Task to carry out → The listing below is to be duplicated exactly, with every picture omitted.

Dataset entries →
________________________________________
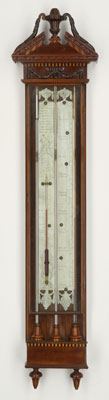Antique dutch barometer, thermometer, contraleur with tin plates by 'D. Sala, Leyden' ca 1780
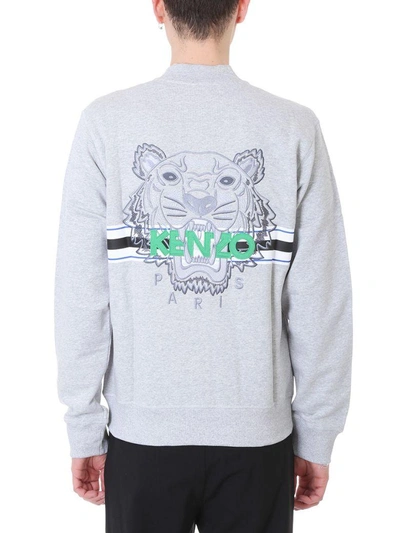 Shop Kenzo Tiger Teddy Grey Cotton Sweatshirt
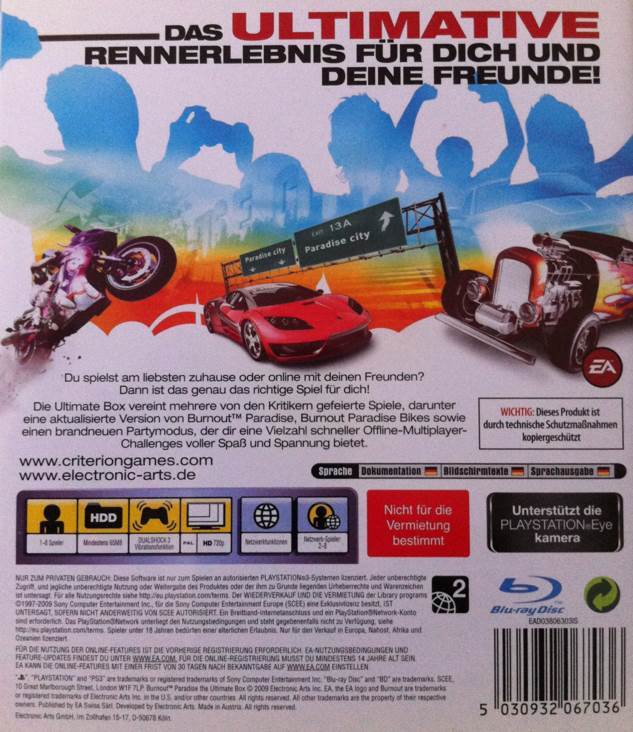 Burnout 5: Paradise - The Ultimate Box - Sony PlayStation 3 (PS3) (Electronic Arts/EA Games - 1) video game collectible [Barcode 5030932067036] - Main Image 2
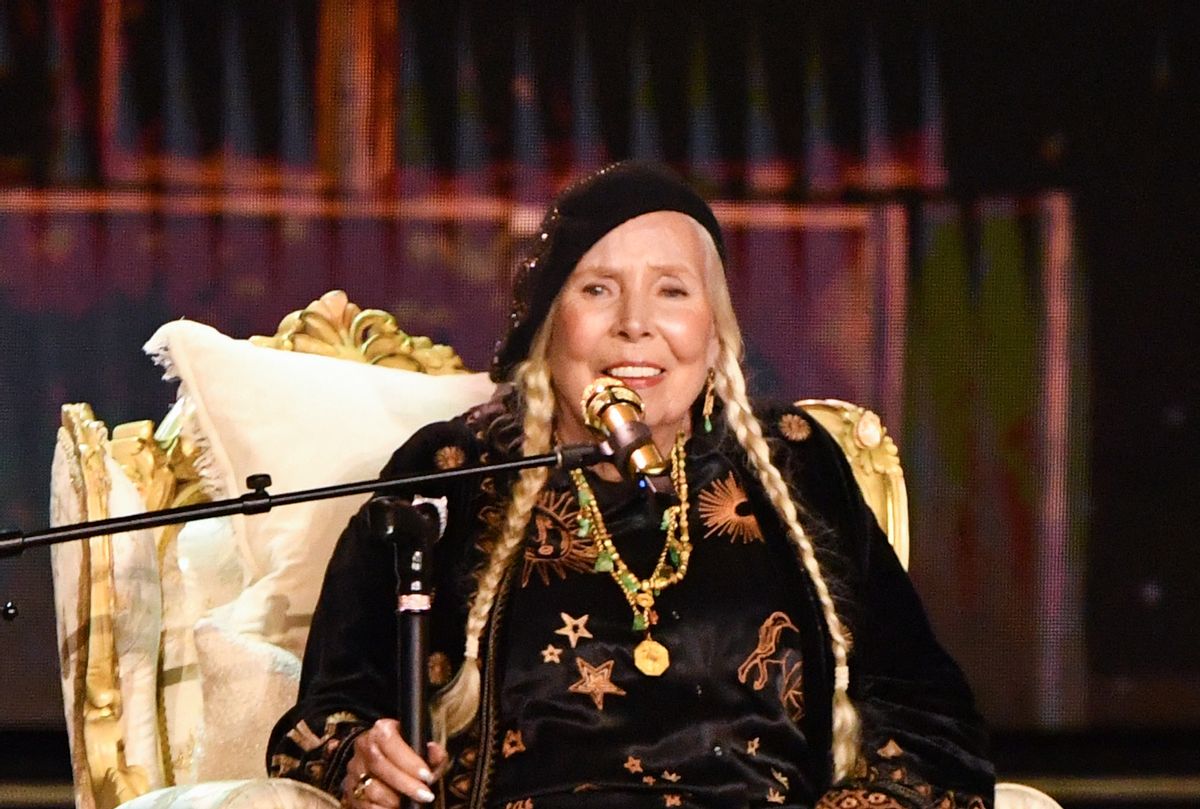 singer-songwriter Joni Mitchell performs on stage during the 66th Annual Grammy Awards at the Crypto.com Arena in Los Angeles on February 4, 2024 (VALERIE MACON/AFP via Getty Images)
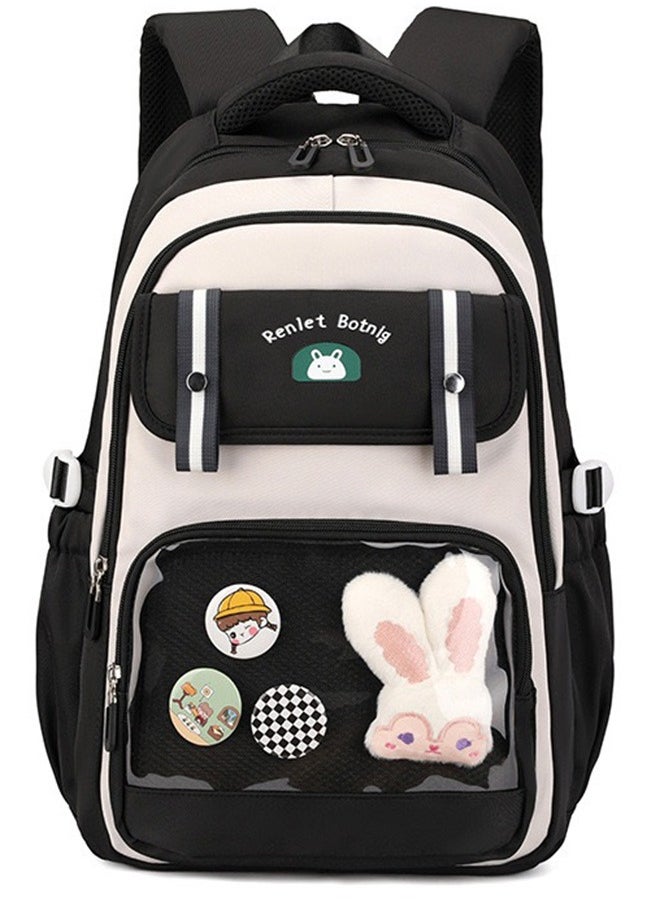 Generic - M198 Lightweight Laptop School Travel Multi-pocket Multi-Compartment Large Capacity Women's Water-resistant Collage Daily Use Backpack - Black - Image 1
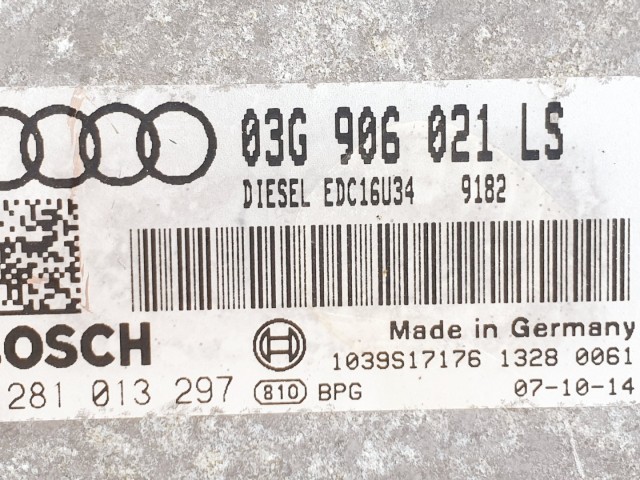 508698 Audi A3 8P, Motorvezérlő, Ecu, 0281013297, 03G906021LS, Bosch.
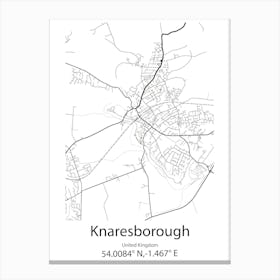 Knaresborough,United Kingdom Minimalist Map Canvas Print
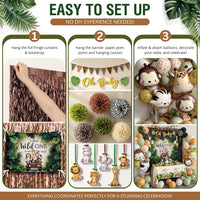 Safari Baby Shower Decorations, Jungle Animal Party Set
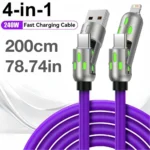 240W 4-in-1 Super Fast Charging Cable RGB Breathing Light Type-C For iPhone7-16ProMax iPad Notebook Tablet Mobile Phone Samsung - Image 2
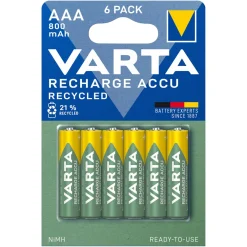 Varta Batterier|Batterier|Recharge Recycled AAA-batterier 800 mAh 6-pk.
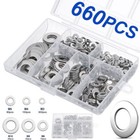 304 Stainless Steel Washers Flat Washer Assortment Value Kit 660 Pieces Usa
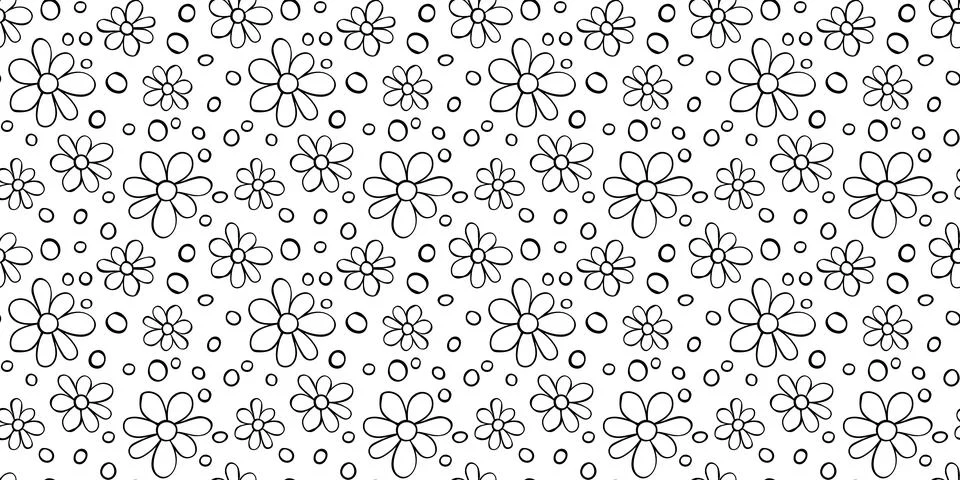 Vector simple primitive floral seamless pattern. Cute endless print with flow Illustrazione stock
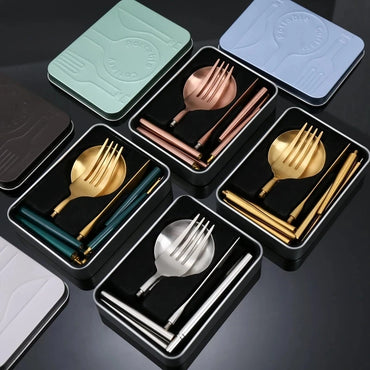 Portable Cutlery Set 304 Stainless Steel Removable Camping Tableware Chopsticks Knife Fork Spoon Folding Cutlery Set With Box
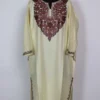 Cream Alamzeb Pheran in Cashmilon Wool with Aari Work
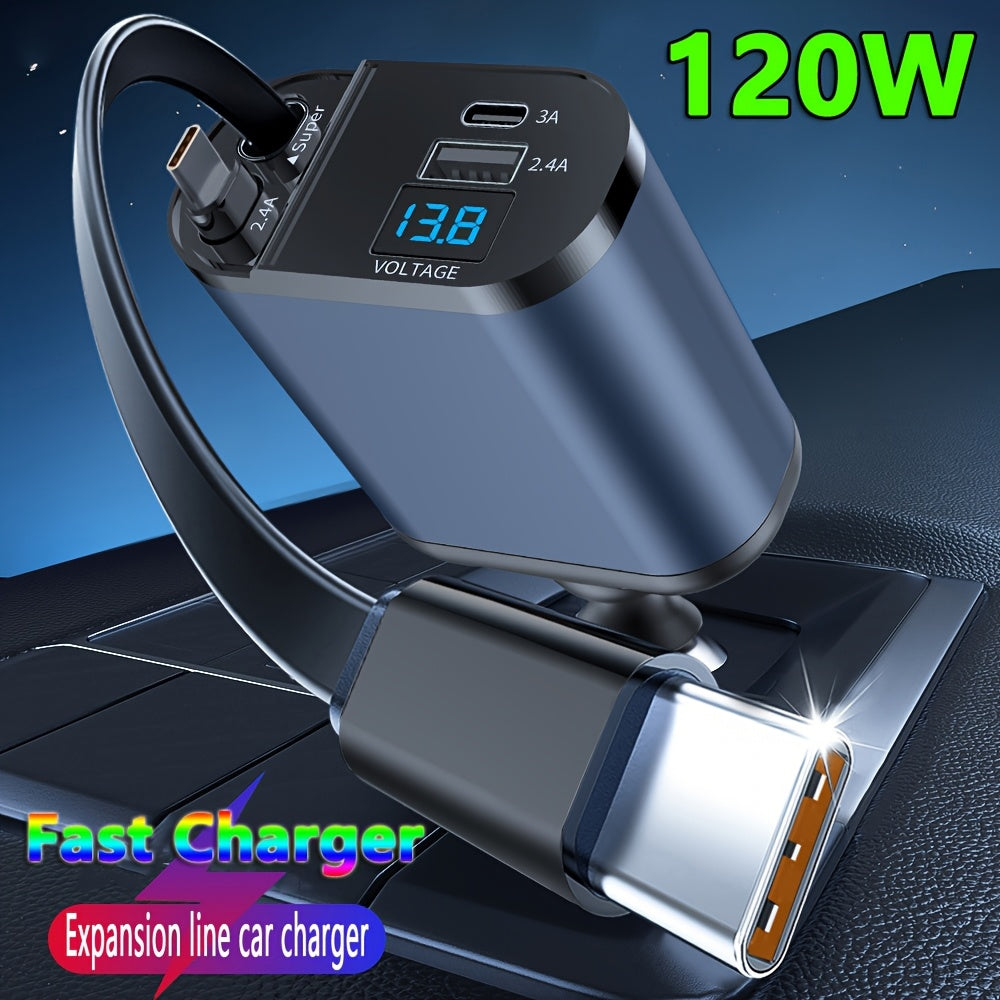 Cargador de coche retráctil rápido de 120 W con 2 cables USB tipo C - Enchufe universal, no necesita batería, salida de 13,8 V, solución de carga para coche | Cargador compacto | Cable retráctil, adaptador de cargador de coche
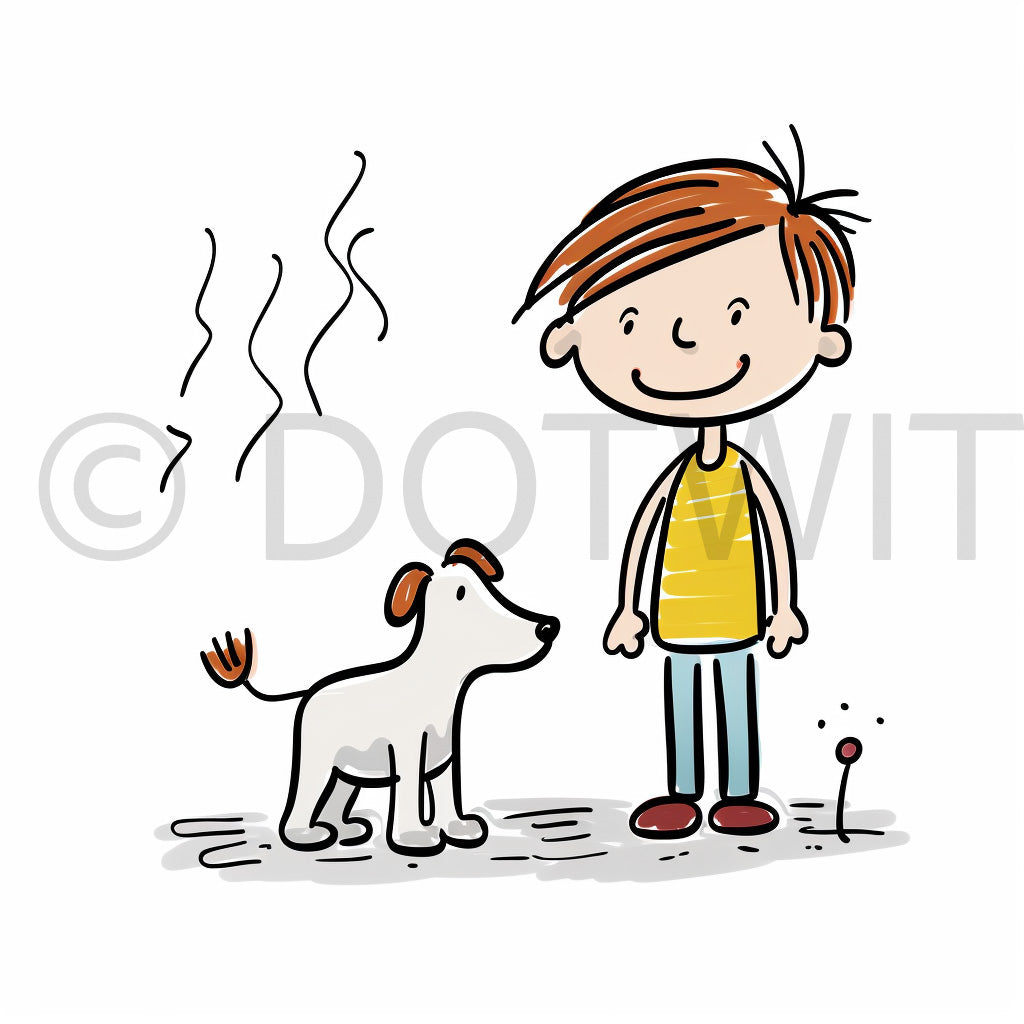 a boy with his dog Doodle Sketches Stick Children Digital Drawings and Midjourney Prompt Commercial Use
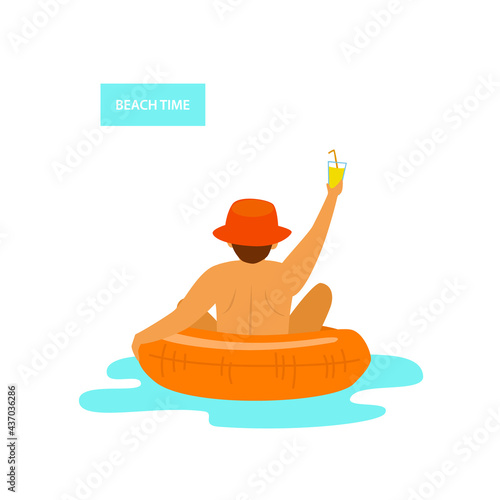 man swimming on inflatable ring in the pool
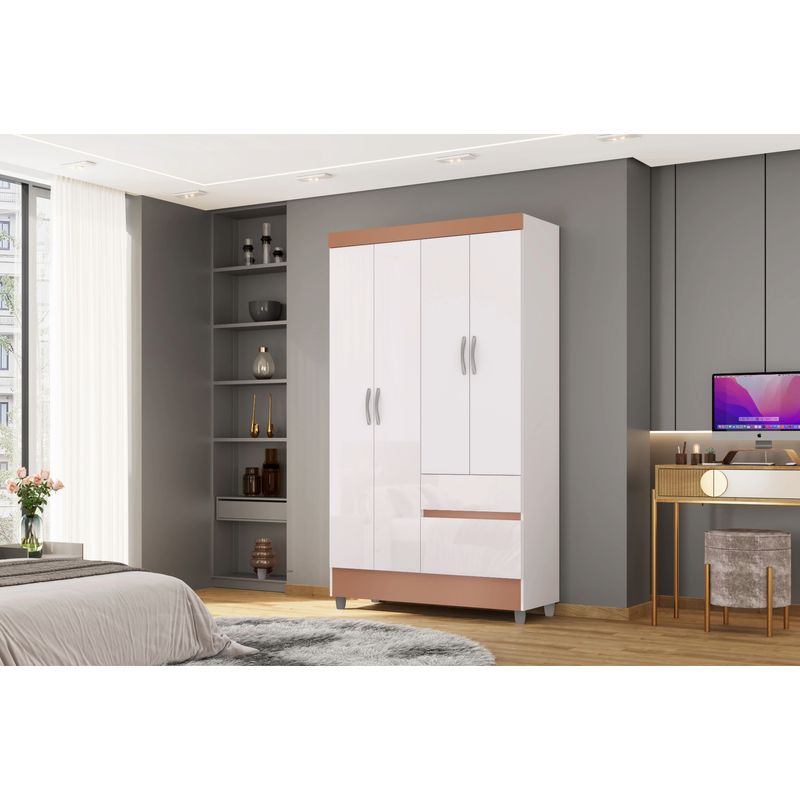 JDO & DESIGN - Closet 4 Puertas 2 Cajones Ideal Blanco/Camarin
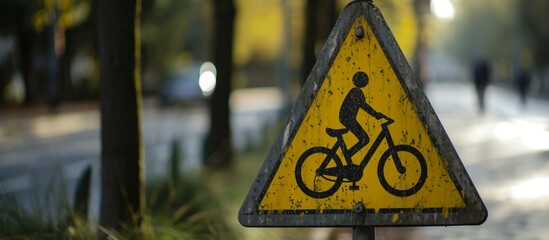 Bicycles are permitted on pedestrian's road sign.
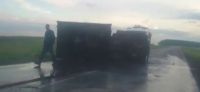 Сгоревший на алтайской трассе грузовик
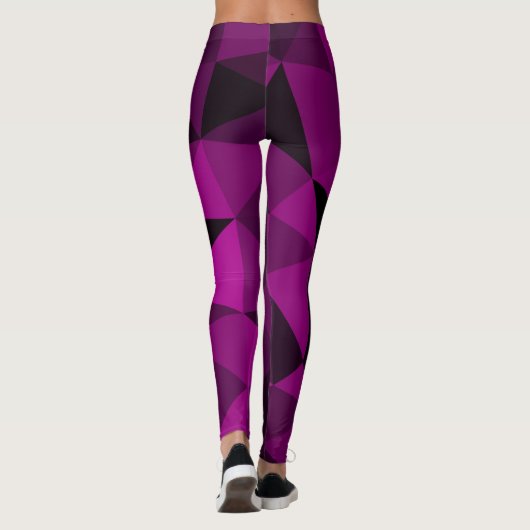 Pink black geometric mesh pattern leggings (Achterkant)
________________________________________
Answer to the exercise →
Antique dutch barometer, thermometer, contraleur with tin plates by 'D. Sala, Leyden' ca 1780
 Shop Kenzo Tiger Teddy Grey Cotton Sweatshirt
 Burnout 5: Paradise - The Ultimate Box - Sony PlayStation 3 (PS3) (Electronic Arts/EA Games - 1) video game collectible [Barcode 5030932067036] - Main Image 2
 singer-songwriter Joni Mitchell performs on stage during the 66th Annual Grammy Awards at the Crypto.com Arena in Los Angeles on February 4, 2024 (VALERIE MACON/AFP via Getty Images)
 Generic - M198 Lightweight Laptop School Travel Multi-pocket Multi-Compartment Large Capacity Women's Water-resistant Collage Daily Use Backpack - Black - Image 1
 508698 Audi A3 8P, Motorvezérlő, Ecu, 0281013297, 03G906021LS, Bosch.
 Knaresborough,United Kingdom Minimalist Map Canvas Print
 Safari Baby Shower Decorations, Jungle Animal Party Set
 240W 4-in-1 Super Fast Charging Cable RGB Breathing Light Type-C For iPhone7-16ProMax iPad Notebook Tablet Mobile Phone Samsung - Image 2
 Varta Batterier|Batterier|Recharge Recycled AAA-batterier 800 mAh 6-pk.
 304 Stainless Steel Washers Flat Washer Assortment Value Kit 660 Pieces Usa
 Vector simple primitive floral seamless pattern. Cute endless print with flow Illustrazione stock
 Portable Cutlery Set 304 Stainless Steel Removable Camping Tableware Chopsticks Knife Fork Spoon Folding Cutlery Set With Box
 Cream Alamzeb Pheran in Cashmilon Wool with Aari Work
 Cargador de coche retráctil rápido de 120 W con 2 cables USB tipo C - Enchufe universal, no necesita batería, salida de 13,8 V, solución de carga para coche | Cargador compacto | Cable retráctil, adaptador de cargador de coche
 a boy with his dog Doodle Sketches Stick Children Digital Drawings and Midjourney Prompt Commercial Use
 man swimming on inflatable ring in the pool
 JDO & DESIGN - Closet 4 Puertas 2 Cajones Ideal Blanco/Camarin
 Bicycles are permitted on pedestrian's road sign.
 Сгоревший на алтайской трассе грузовик
 Pink black geometric mesh pattern leggings (Achterkant)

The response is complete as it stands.